GOVERNMENT & POLITICS

Milei wants right-wing forum as restarts ‘chainsaw’

La Libertad Avanza leader wants to be the beacon for a movement of right-wing leaders with whom he shares ideological common ground. He will deepen the “cultural battle” in Argentina and move forward with deeper cuts at public companies, prompting a new wave of redundancies in time for the October midterms.

President Javier Milei delivers a speech at the Liberales Institut. Foto: cedoc/perfil

After attending US President Donald Trump's inauguration ceremony in Washington and participating once again at the World Economic Forum  in Switzerland, Javier Milei is recharged and ready to go. He will go even further: Argentina’s President wants to create an international forum grouping countries along the same ideological lines. And he intends to continue executing his “chainsaw” plan with two axes: tackling decentralised state bodies and the life insurance policies outlined in collective-bargaining labour agreements.

Milei feels that his government is going through its best moment and that his ideological line – a war against minorities, with a bill being prepared to remove “positive discrimination,” the concept of femicide from the Penal Code and state representation quotas – has an international echo.

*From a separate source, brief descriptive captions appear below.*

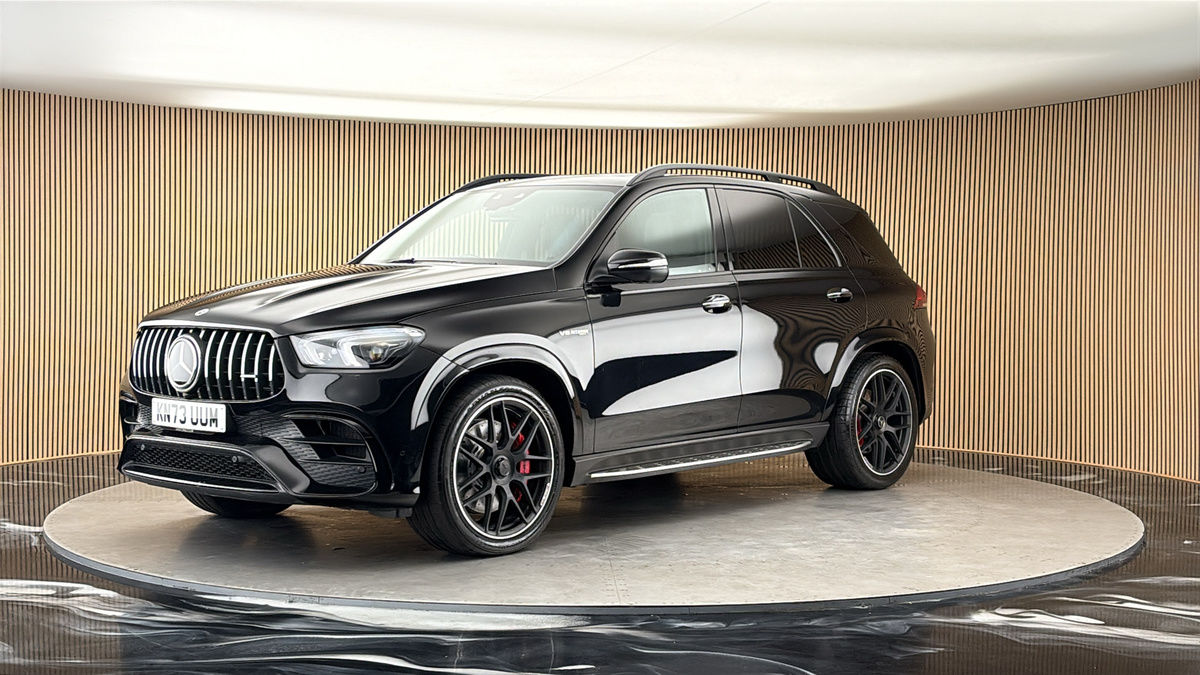 Mercedes-Benz GLE Image 20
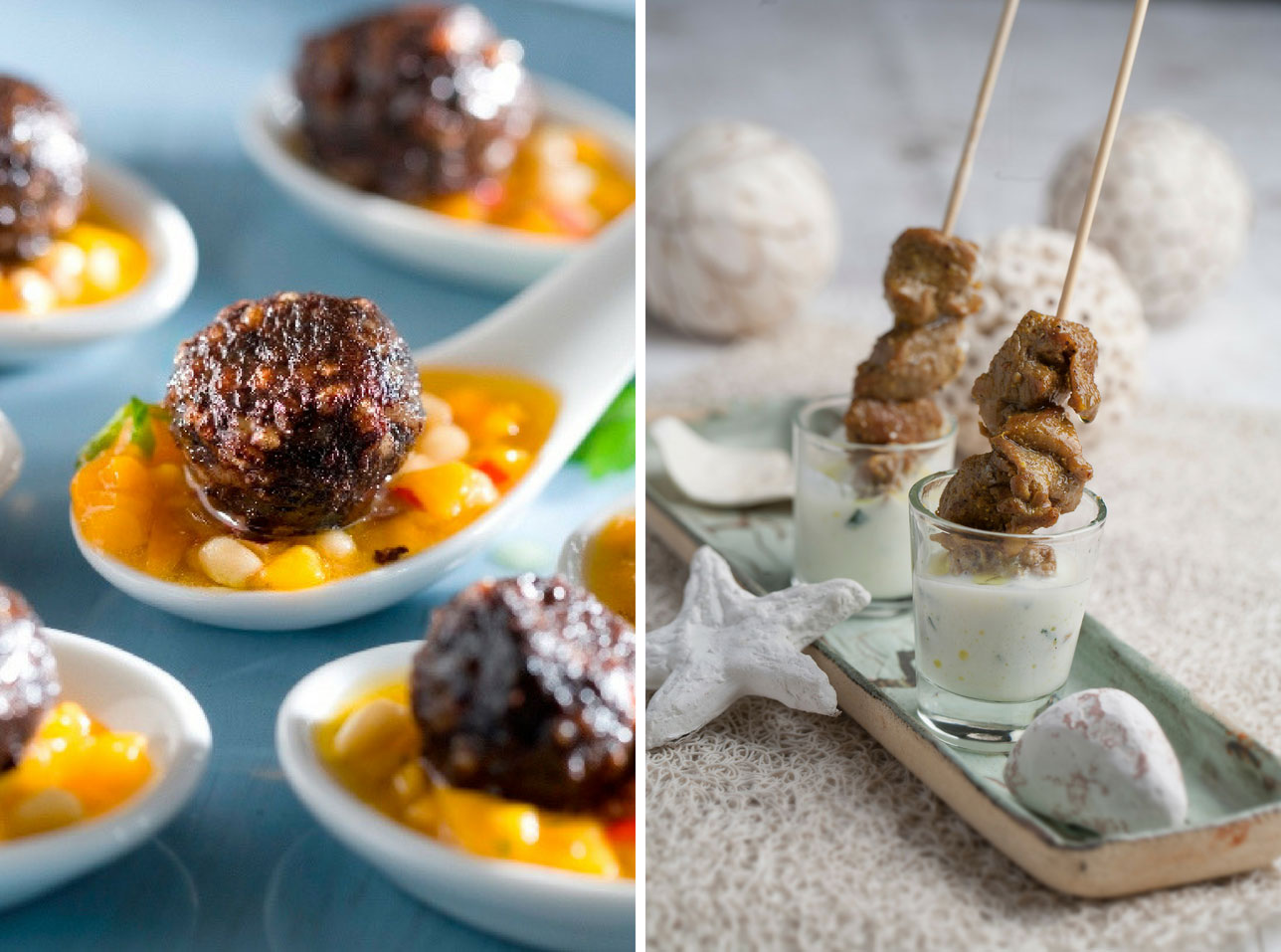 Tendencias en eventos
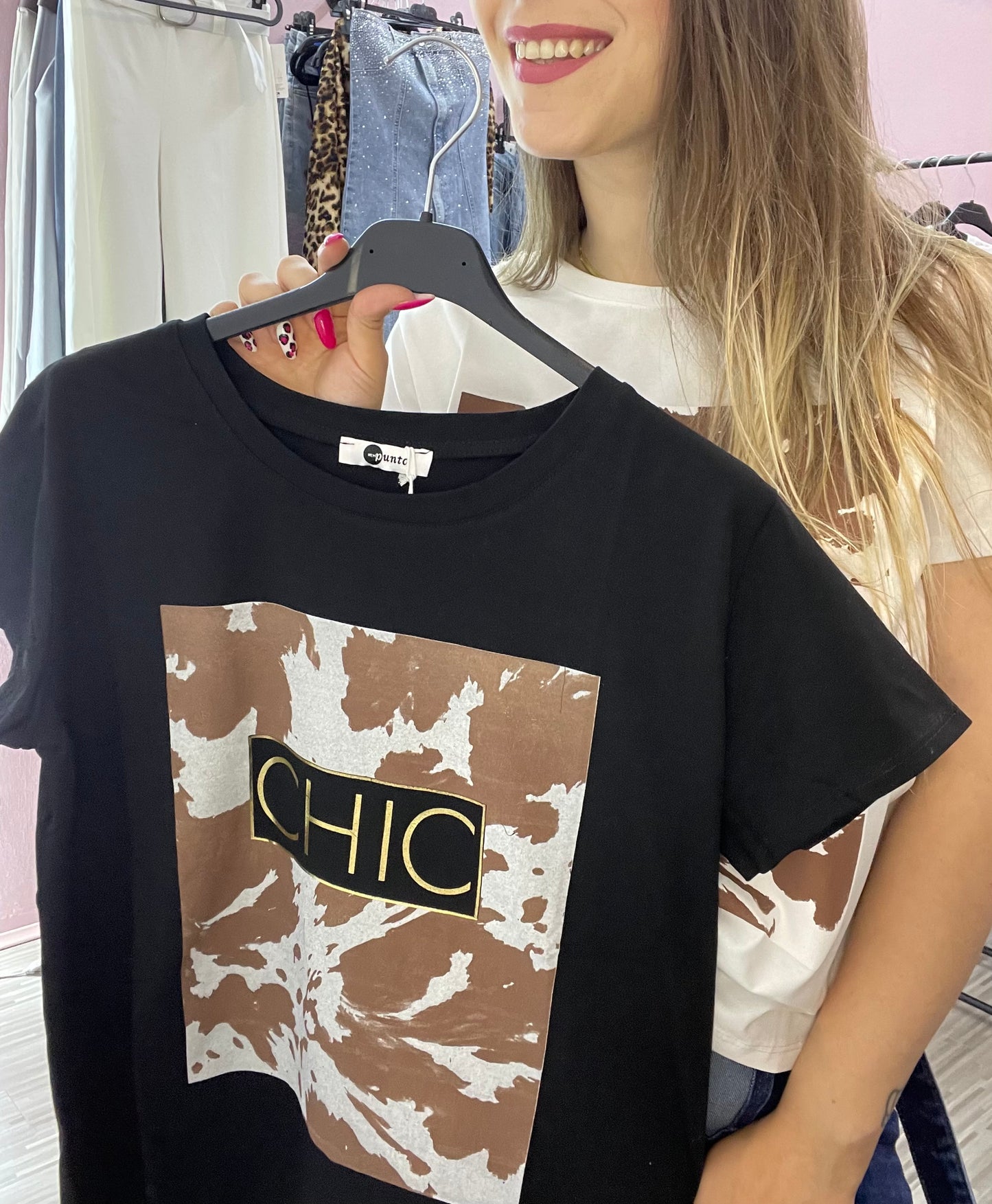 Maglia Chic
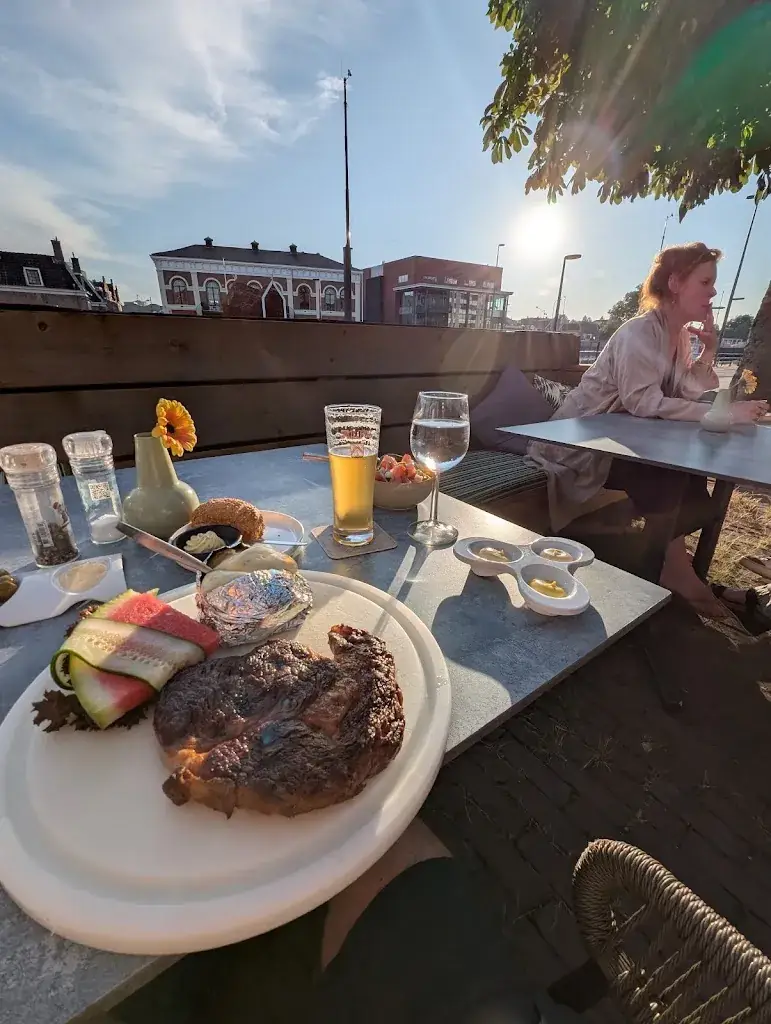 Brian_Restaurant Castell_Zaandam_review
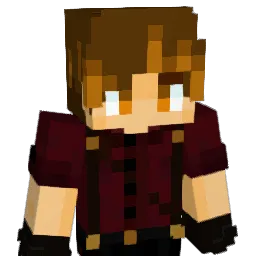 Aracin3 Minecraft avatar bust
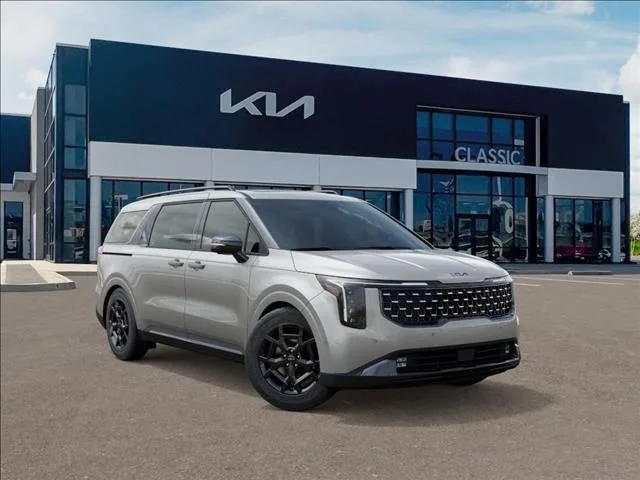 New 2026 White Kia SX Prestige image 8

He is emboldened and validated by the rise of figures like Trump, Italian Prime Minister Giorgia Meloni and El Salvador President Nayib Bukele (with whom Milei’s administration has strong ties and an excellent relationship). The composition of the world map leads him to think that in the short term it is possible to design a political and cultural forum grouping several countries in ideological sync, with the United States and Israel in the foreground, in addition to Italy and El Salvador. The fight is against the United Nations’ 2030 Agenda, one of the economist's obsessions, and he feels they can offer an “alternative” agenda.

This move, according to a close associate of the President, does not mean that Argentina will renounce the United Nations entirely, although it will try to distance itself from multilateral organisations, such as the World Health Organisation, the Paris Climate Agreement and even the Mercosur trade bloc. Exits that will not be easy in the face of the accumulation of treaties and budgetary commitments that have already been signed.

At the local level, the President is adjusting his chainsaw plan with two defined phases ahead. On the one hand, as an important official in the La Libertad Avanza administration told Perfil, the idea is to focus on decentralised bodies, with a review of their budgets and staffing levels. It is seen as a pending debt from last year, in which there were announcements, some layoffs and progress, as shown by the shuttering of the INADI anti-discrimination watchdog or the National Mint, which was stripped of its functions. However, as one libertarian source remarked, more concrete steps were lacking.

In this context, a list of several entities that Milei believes should go down in history includes the National Institute of Industrial Technology (INTI), the National Institute of Agricultural Technology (INTA), the National Seed Institute (INASE) and the National Institute of Viticulture (INVITI).

There is one, however, that will not go through the chainsaw for the time being: SENASA, whose function is to guarantee animal and plant health, as well as food safety – all key elements for exports.

According to reporting by Perfil, several business chambers have raised flags and stated that SENASA cannot be modified.

On the other hand, the government is analysing changes to Decree 1567/74, which obliges employers to take out life insurance for their employees, something that is enshrined in the collective-bargaining labour agreements for formally registered activities. It has not been ruled out that the regulation that establishes this obligation will become a thing of the past.

The technical team of Federico Sturzenegger’s Deregulation & State Transformation Ministry is already working on this issue. Last week at the Casa Rosada, the first meeting on the topic was held with a member of the leadership of the CGT umbrella union grouping who has knowledge of the issue. For the moment, there were no substantive definitions and they agreed to continue talking.

Within the CGT’s offices, on Azopardo Street, there is a promise to “defend the rights of the workers.” They warn that any modification could open a legal battle with insurance companies registered with the Superintendencia de Seguros.